I've opened a ticket (CONNECTORS-610) for this problem too.

Karl

On Mon, Jan 14, 2013 at 10:13 AM, Ahmet Arslan <[email protected]> wrote:
> Hi Karl,
>
> Thanks for quick fix.
>
> I am still seeing the following error after 'svn up' and 'ant build'
>
> ERROR 2013-01-14 17:09:41,949 (Worker thread '6') - Exception tossed: 
> Repeated service interruptions - failure processing document: null
> org.apache.manifoldcf.core.interfaces.ManifoldCFException: Repeated service 
> interruptions - failure processing document: null
>         at 
> org.apache.manifoldcf.crawler.system.WorkerThread.run(WorkerThread.java:585)
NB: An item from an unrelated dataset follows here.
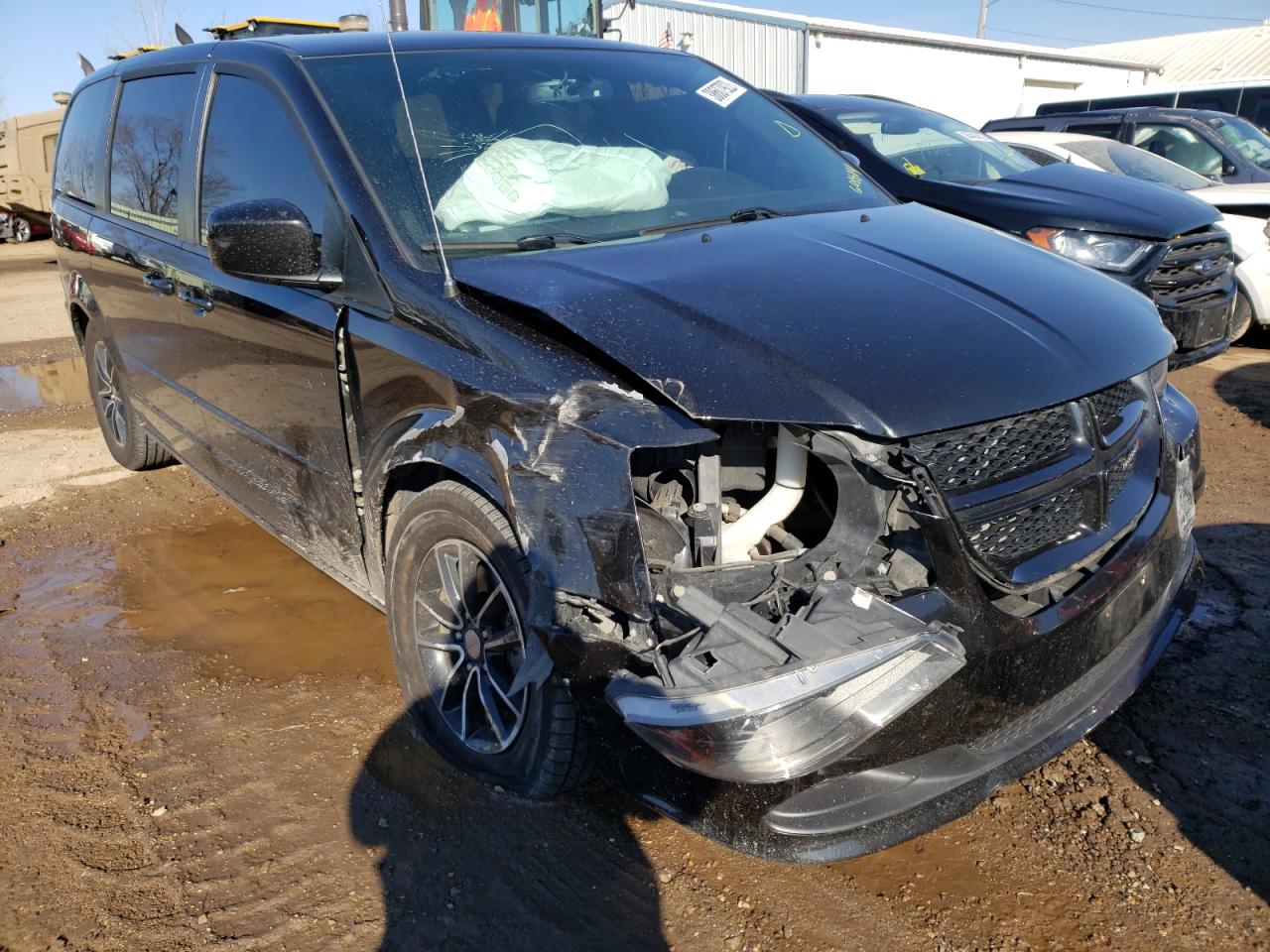 DODGE GRAND CARA 2017 with VIN 2C4RDGBG0HR601814 - Photo from auction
> Caused by: org.apache.http.client.ClientProtocolException
>         at 
> org.apache.http.impl.client.AbstractHttpClient.execute(AbstractHttpClient.java:909)
>         at 
> org.apache.http.impl.client.AbstractHttpClient.execute(AbstractHttpClient.java:805)
>         at 
> org.apache.http.impl.client.AbstractHttpClient.execute(AbstractHttpClient.java:784)
>         at 
> org.apache.solr.client.solrj.impl.HttpSolrServer.request(HttpSolrServer.java:352)
>         at 
> org.apache.solr.client.solrj.impl.HttpSolrServer.request(HttpSolrServer.java:181)
>         at 
> org.apache.solr.client.solrj.request.AbstractUpdateRequest.process(AbstractUpdateRequest.java:117)
>         at 
> org.apache.manifoldcf.agents.output.solr.HttpPoster$IngestThread.run(HttpPoster.java:790)
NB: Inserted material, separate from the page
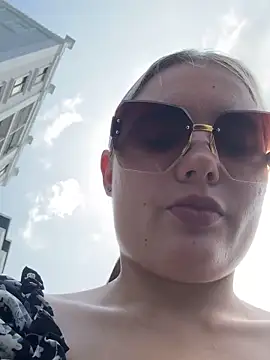 Snapshot of Mrs_Lust chatting on 03/23/26, 03:54 Mrs Lust online show from 03/23/26, 03:54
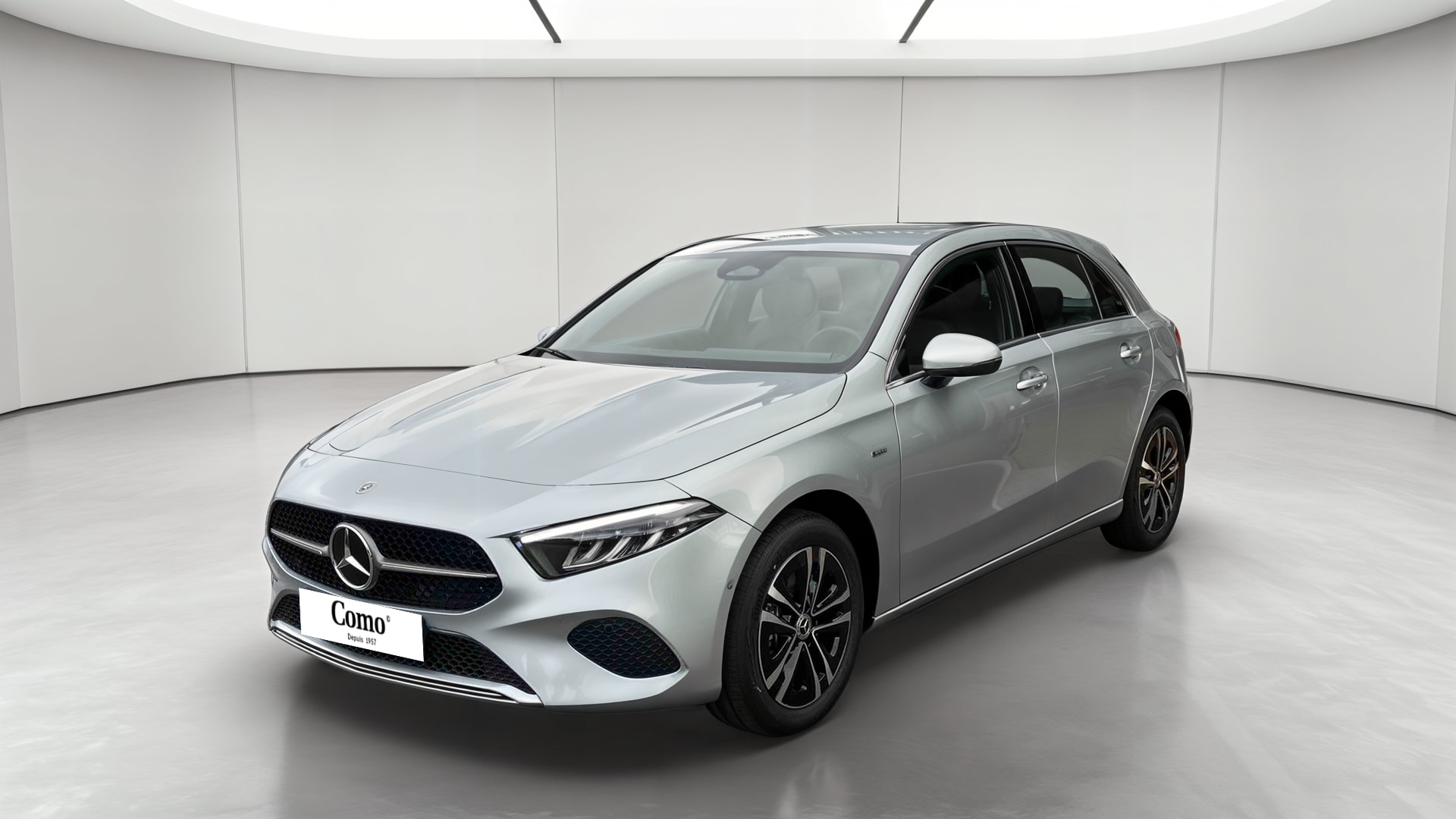 Mercedes-Benz Classe A 250 e Hybrid EQ Business Line — 3/4 avant gauche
> Caused by: org.apache.http.client.NonRepeatableRequestException: Cannot retry 
> request with a non-repeatable request entity.  The cause lists the reason the 
> original request failed.
>         at 
> org.apache.http.impl.client.DefaultRequestDirector.tryExecute(DefaultRequestDirector.java:692)
>         at 
> org.apache.http.impl.client.DefaultRequestDirector.execute(DefaultRequestDirector.java:523)
>         at 
> org.apache.http.impl.client.AbstractHttpClient.execute(AbstractHttpClient.java:906)
>         ... 6 more
> Caused by: java.net.SocketException: Broken pipe
>         at java.net.SocketOutputStream.socketWrite0(Native Method)
>         at java.net.SocketOutputStream.socketWrite(SocketOutputStream.java:92)
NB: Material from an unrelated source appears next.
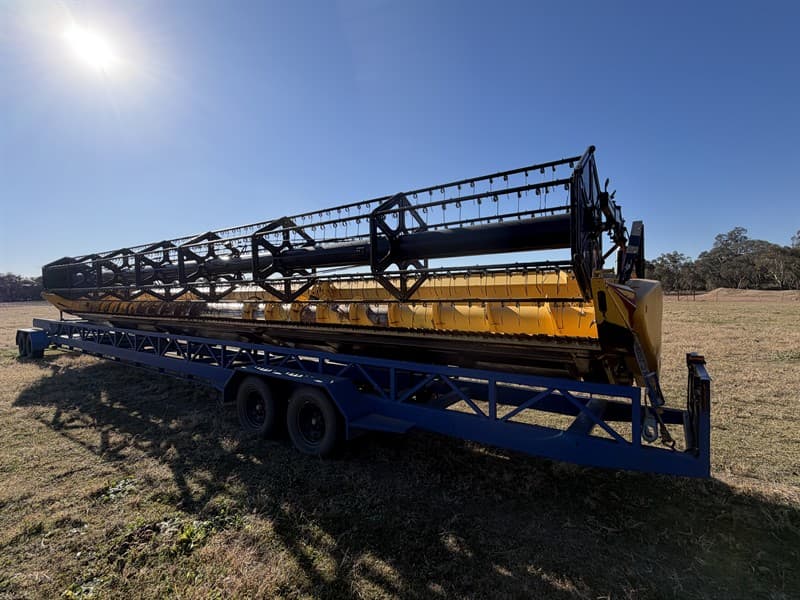 2023 NEW HOLLAND VARIFEED 12.5 on bogie bogie comb trailer. Pin: 888260014. Dual knife drives and side cutters working cut width 12.5m. knif…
>         at java.net.SocketOutputStream.write(SocketOutputStream.java:136)
>         at 
> org.apache.http.impl.io.AbstractSessionOutputBuffer.write(AbstractSessionOutputBuffer.java:169)
>         at 
> org.apache.http.impl.io.ChunkedOutputStream.flushCacheWithAppend(ChunkedOutputStream.java:110)
>         at 
> org.apache.http.impl.io.ChunkedOutputStream.write(ChunkedOutputStream.java:165)
>         at 
> org.apache.http.entity.InputStreamEntity.writeTo(InputStreamEntity.java:92)
>         at 
> org.apache.http.entity.HttpEntityWrapper.writeTo(HttpEntityWrapper.java:98)
>         at 
> org.apache.http.impl.client.EntityEnclosingRequestWrapper$EntityWrapper.writeTo(EntityEnclosingRequestWrapper.java:108)
>         at 
> org.apache.http.impl.entity.EntitySerializer.serialize(EntitySerializer.java:122)
>         at 
> org.apache.http.impl.AbstractHttpClientConnection.sendRequestEntity(AbstractHttpClientConnection.java:271)
>         at 
> org.apache.http.impl.conn.ManagedClientConnectionImpl.sendRequestEntity(ManagedClientConnectionImpl.java:197)
>         at 
> org.apache.http.protocol.HttpRequestExecutor.doSendRequest(HttpRequestExecutor.java:257)
>         at 
> org.apache.http.protocol.HttpRequestExecutor.execute(HttpRequestExecutor.java:125)
>         at 
> org.apache.http.impl.client.DefaultRequestDirector.tryExecute(DefaultRequestDirector.java:718)
>         ... 8 more
>
>
>
> --- On Mon, 1/14/13, Karl Wright <[email protected]> wrote:
>
>> From: Karl Wright <[email protected]>
>> Subject: Re: Repeated service interruptions - failure processing document: 
>> null
>> To: [email protected]
>> Date: Monday, January 14, 2013, 3:30 PM
>> Hi Ahmet,
>>
>> The exception that seems to be causing the abort is a socket
>> exception
>> coming from a socket write:
>>
>> > Caused by: java.net.SocketException: Broken pipe
>>
>> This makes sense in light of the http code returned from
>> Solr, which
>> was 413:  http://www.checkupdown.com/status/E413.html .
>>
>> So there is nothing actually *wrong* with the .aspx
>> documents, but
>> they are just way too big, and Solr is rejecting them for
>> that reason.
>>
>> Clearly, though, the Solr connector should recognize this
>> code as
>> meaning "never retry", so instead of killing the job, it
>> should just
>> skip the document.  I'll open a ticket for that now.
>>
>> Karl
>>
>>
>> On Mon, Jan 14, 2013 at 8:22 AM, Ahmet Arslan <[email protected]>
>> wrote:
>> > Hello,
>> >
>> > I am indexing a SharePoint 2010 instance using
>> mcf-trunk (At revision 1432907)
>> >
>> > There is no problem with a Document library that
>> contains word excel etc.
>> >
>> > However, I receive the following errors with a Document
>> library that has *.aspx files in it.
>> >
>> > Status of Jobs => Error: Repeated service
>> interruptions - failure processing document: null
>> >
>> >  WARN 2013-01-14 15:00:12,720 (Worker thread '13')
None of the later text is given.